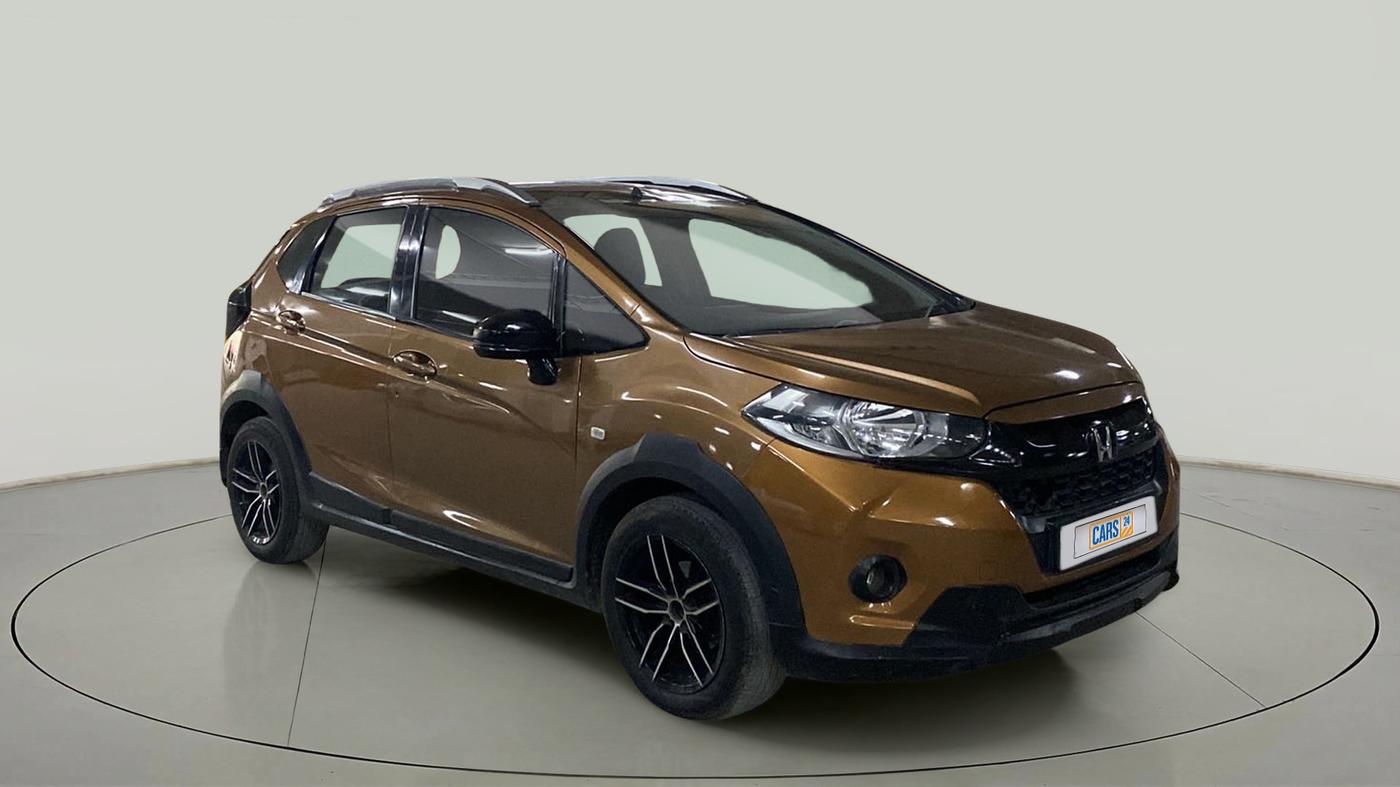 2017 Honda WR-V 1.5L I-DTEC S MT, Diesel, Manual, 1,09,998 km, SRP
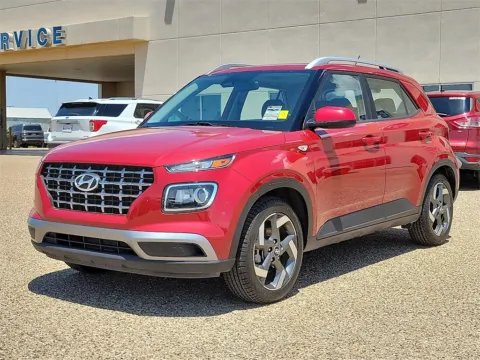 Photos of 2023 Hyundai Venue SEL for sale in Brownfield, TX at Brownfield Ford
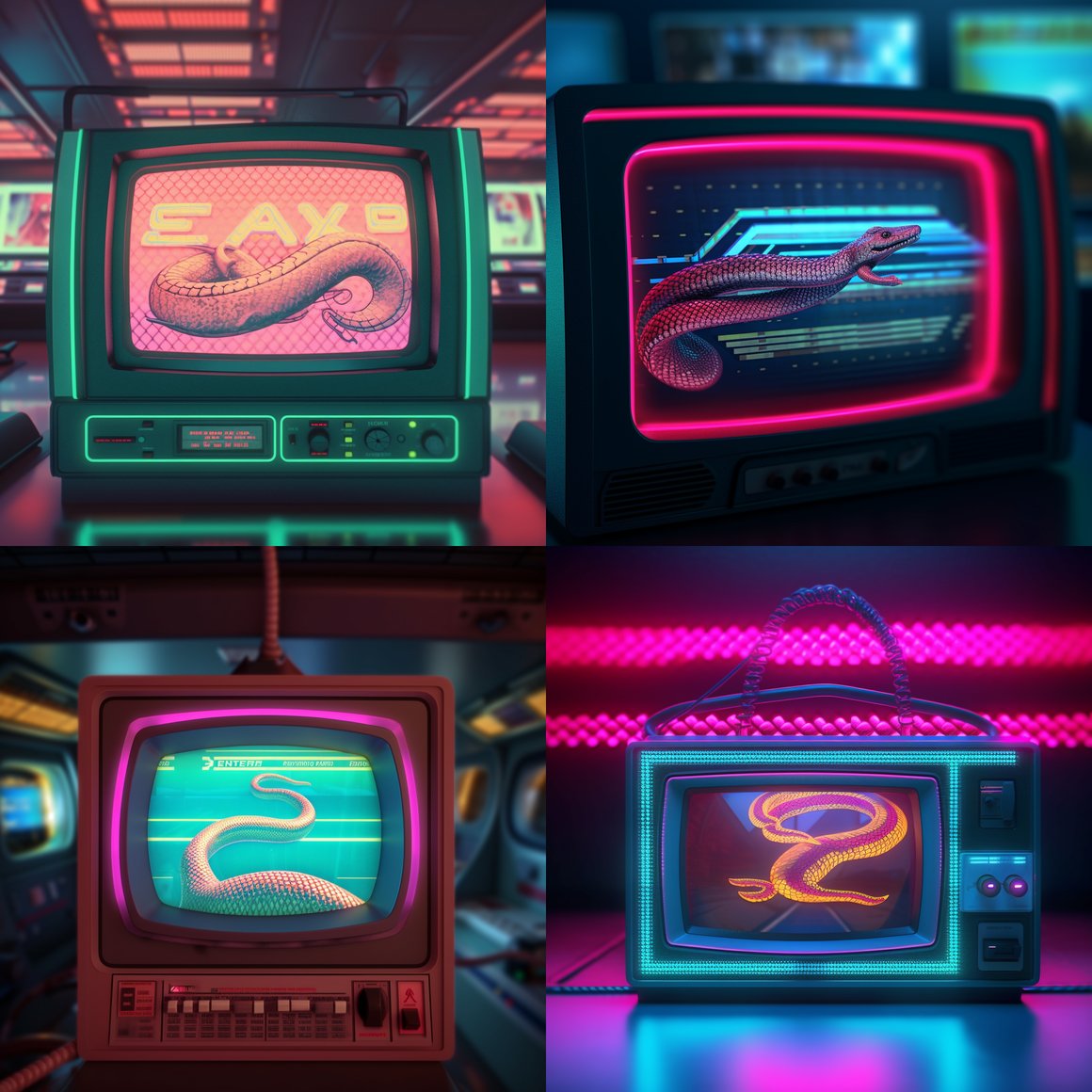 Retro Gaming Mid-Flight: A Snake Game Experience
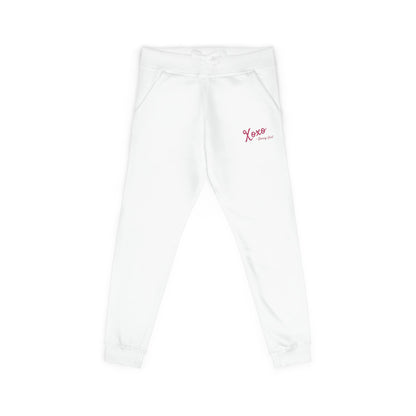 Gossip Girl XOXO Fleece Sweatpants (Embroidery)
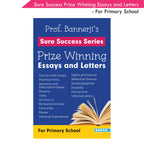 Sure Success Prize Winning Essays & Letters for Primary School| English Essays| Ages 6-12 Years | Grocsy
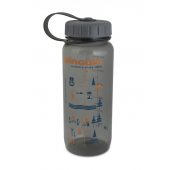 Pinguin Tritan Slim Bottle 0,65L grey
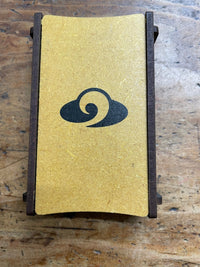 HEARTWOOD_KOPATA DEW DROP PENDANT WOOD _ KOPATA DEW DROP PENDANT WOOD _ Ebony Boutique NZ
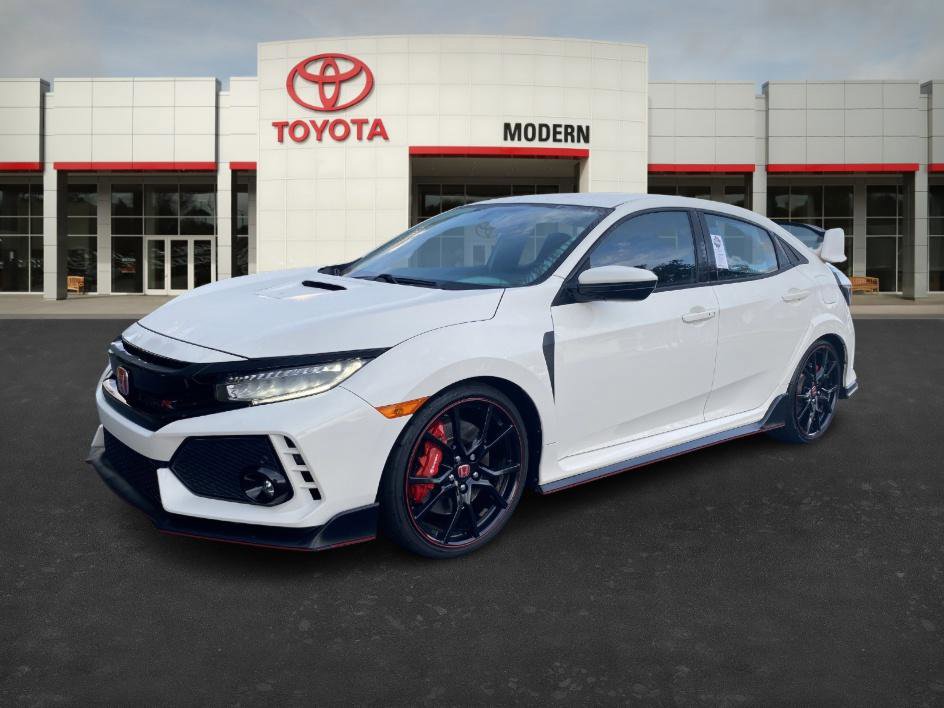Used 2018 Honda Civic Type R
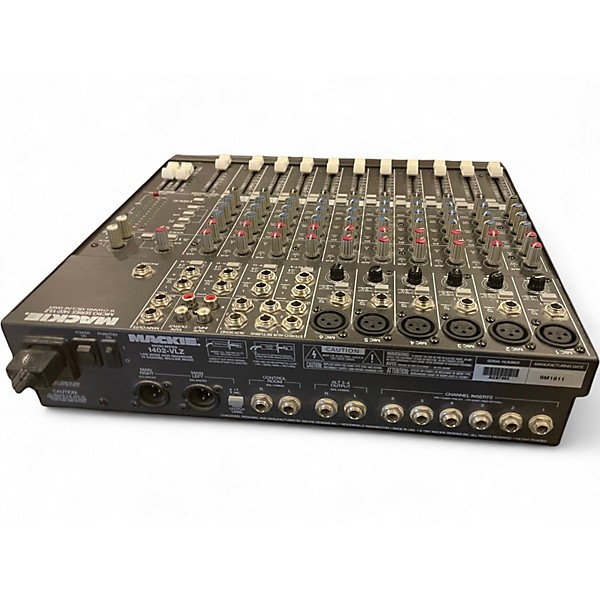 Used Mackie 1402VLZ Unpowered Mixer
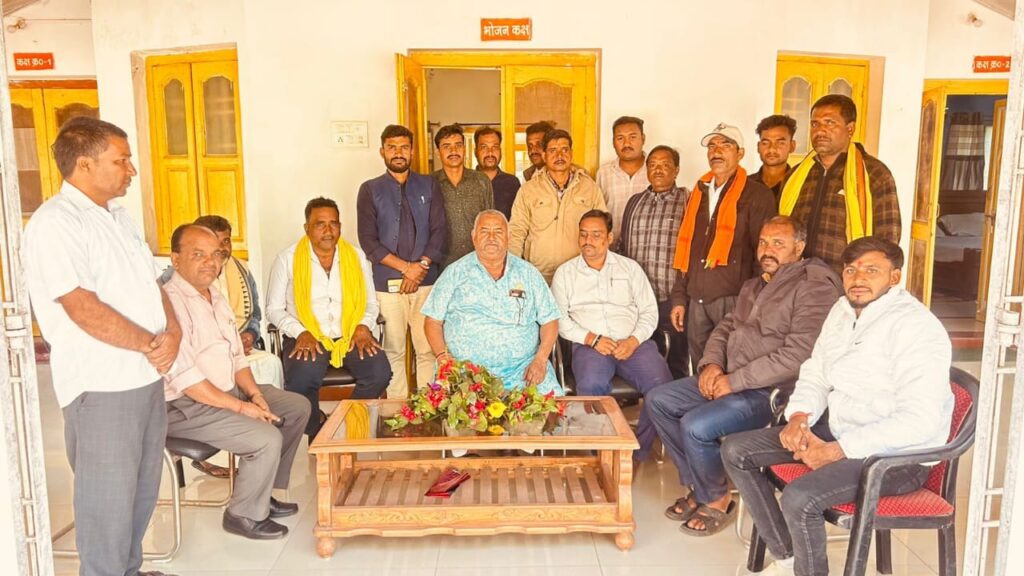 सर्व यादव समाज के प्रदेश अध्यक्ष रमेश यदु का जशपुर प्रवास, संगठनात्मक बैठक में की एकता और शिक्षा पर जोर आज शामिल होंगे कंडोरा के गोकुलाष्टमी महोत्सव में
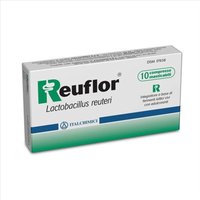 Italchimici Reuflor Integratore Di Fermenti Lattici, 10 Compresse
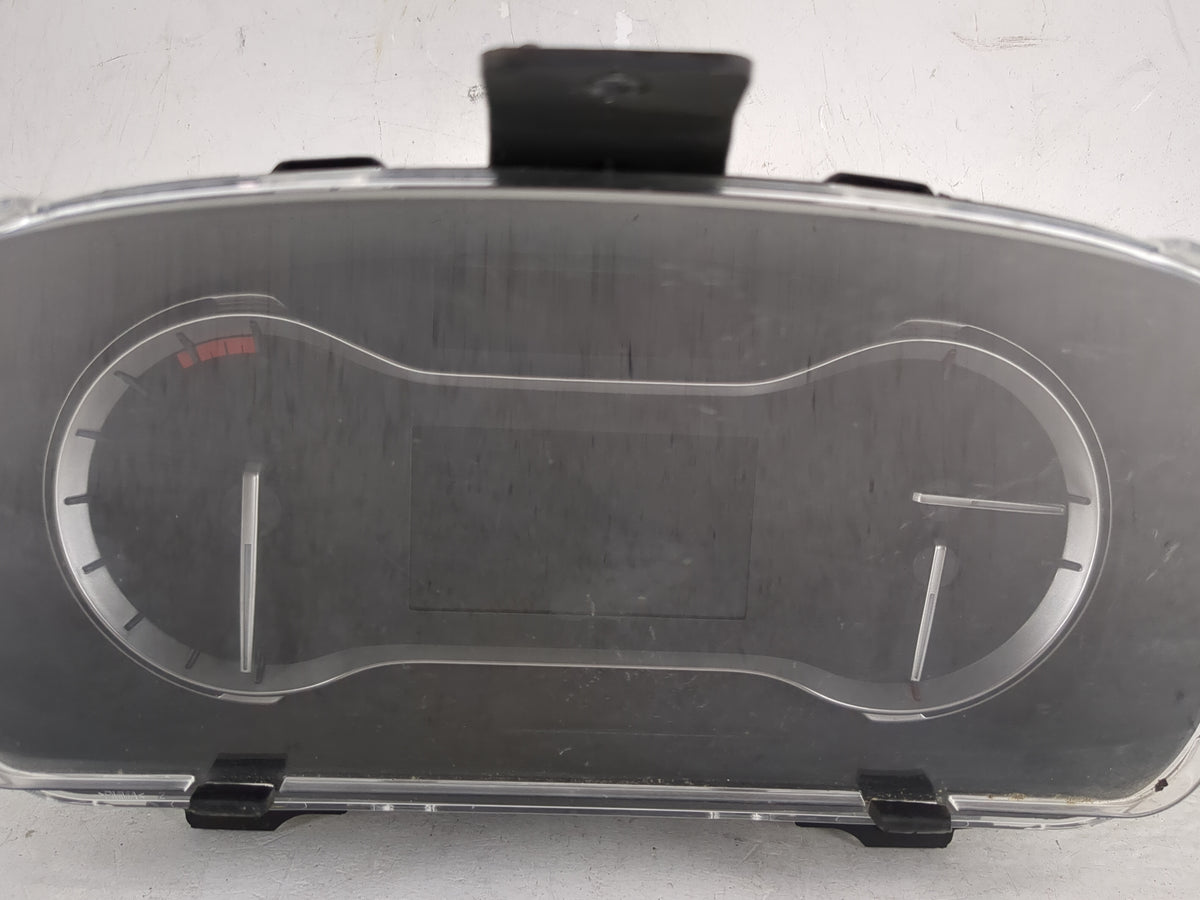 2021-2022 Honda Ridgeline Instrument Cluster Speedometer Gauges P/N:78100-T6Z-AA10-M1 Miles:47K Fits Fits 2021 2022 OEM Used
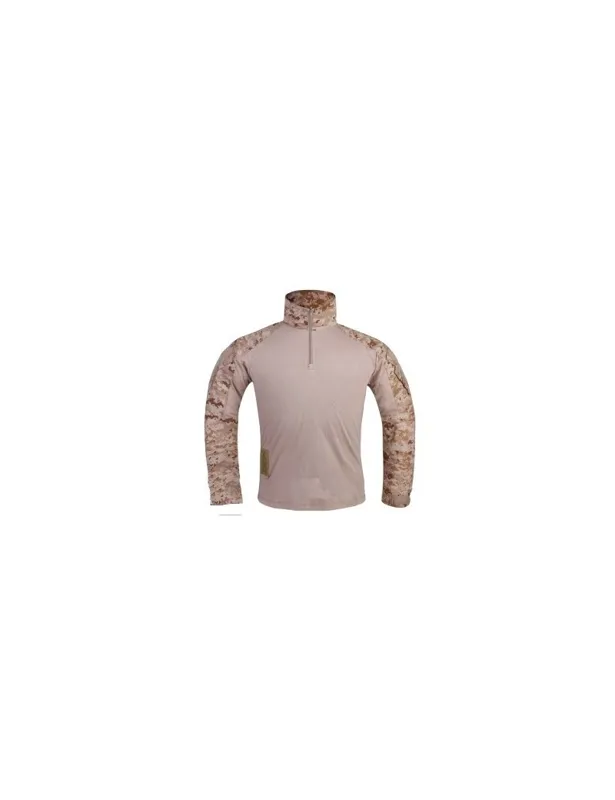 Guerrera M · Otros camuflajes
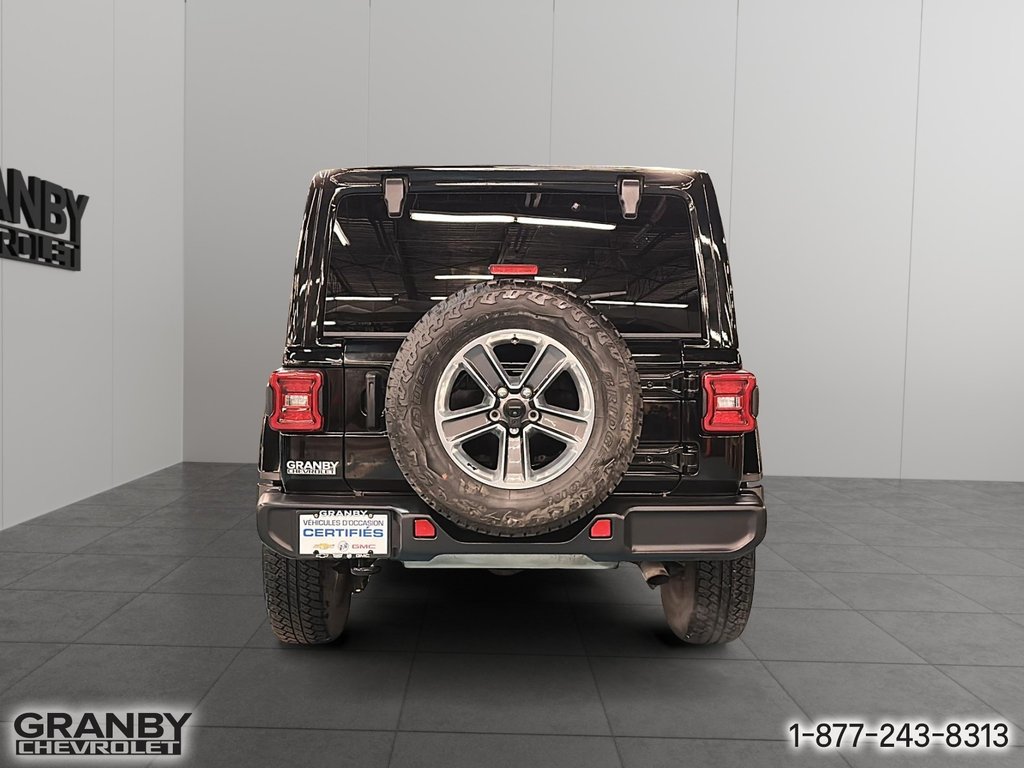 Jeep Wrangler  2021 à Granby, Québec - 6 - w1024h768px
--
* WHAT YOU HAVE TO DO *
Reproduce the listing exactly, but omit every picture in it.

* EXERCISE RESPONSE *
 2017 Honda WR-V 1.5L I-DTEC S MT, Diesel, Manual, 1,09,998 km, SRP
 Photos of 2023 Hyundai Venue SEL for sale in Brownfield, TX at Brownfield Ford
 Retro Gaming Mid-Flight: A Snake Game Experience
 Gossip Girl XOXO Fleece Sweatpants (Embroidery)
 Sure Success Prize Winning Essays & Letters for Primary School| English Essays| Ages 6-12 Years | Grocsy
 Pinguin Tritan Slim Bottle 0,65L grey
 HEARTWOOD_KOPATA DEW DROP PENDANT WOOD _ KOPATA DEW DROP PENDANT WOOD _ Ebony Boutique NZ
Used 2018 Honda Civic Type R
 Used Mackie 1402VLZ Unpowered Mixer
 सर्व यादव समाज के प्रदेश अध्यक्ष रमेश यदु का जशपुर प्रवास, संगठनात्मक बैठक में की एकता और शिक्षा पर जोर आज शामिल होंगे कंडोरा के गोकुलाष्टमी महोत्सव में
 Italchimici Reuflor Integratore Di Fermenti Lattici, 10 Compresse
 2021-2022 Honda Ridgeline Instrument Cluster Speedometer Gauges P/N:78100-T6Z-AA10-M1 Miles:47K Fits Fits 2021 2022 OEM Used
 Guerrera M · Otros camuflajes
 Jeep Wrangler  2021 à Granby, Québec - 6 - w1024h768px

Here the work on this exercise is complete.